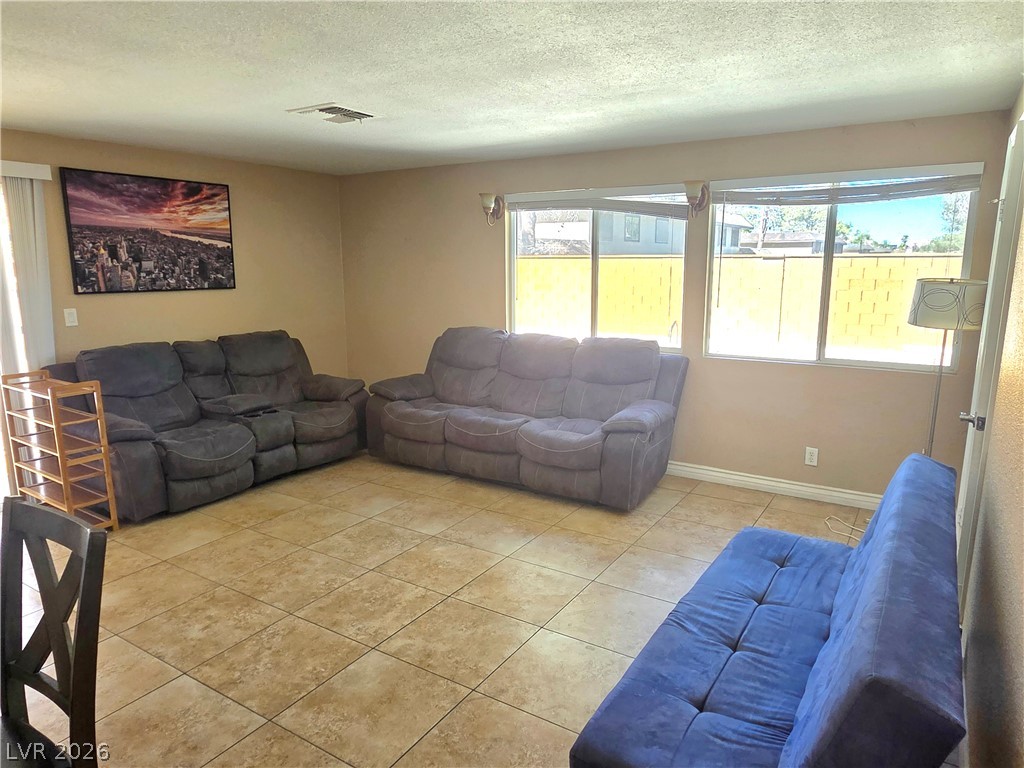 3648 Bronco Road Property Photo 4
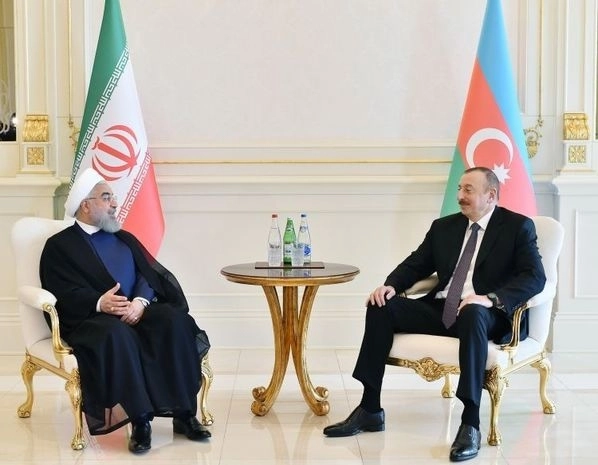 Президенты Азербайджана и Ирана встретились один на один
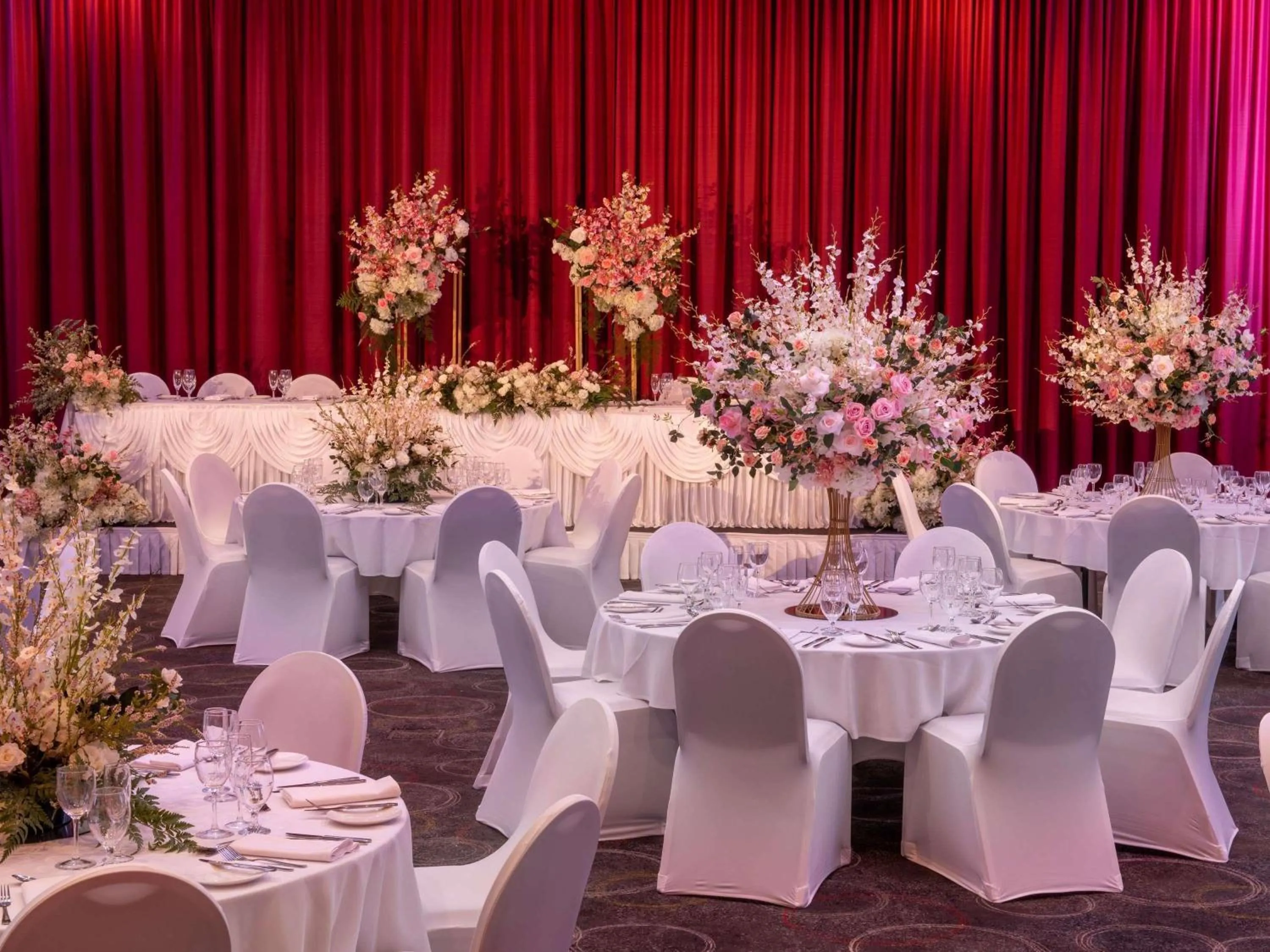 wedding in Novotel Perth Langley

---

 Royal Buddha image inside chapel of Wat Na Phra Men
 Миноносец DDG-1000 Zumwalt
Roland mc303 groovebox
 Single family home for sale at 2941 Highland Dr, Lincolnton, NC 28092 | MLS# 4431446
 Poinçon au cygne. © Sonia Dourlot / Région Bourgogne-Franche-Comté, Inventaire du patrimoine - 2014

▸ **THE TASK**
Starting with the line that contains "3648 Bronco Road Property Photo 4" and finishing with the line that contains "wedding in Novotel Perth Langley", reproduce every line of the material above exactly, but not the pictures.

▸ **EXERCISE RESPONSE**
 3648 Bronco Road Property Photo 4
 Президенты Азербайджана и Ирана встретились один на один
 wedding in Novotel Perth Langley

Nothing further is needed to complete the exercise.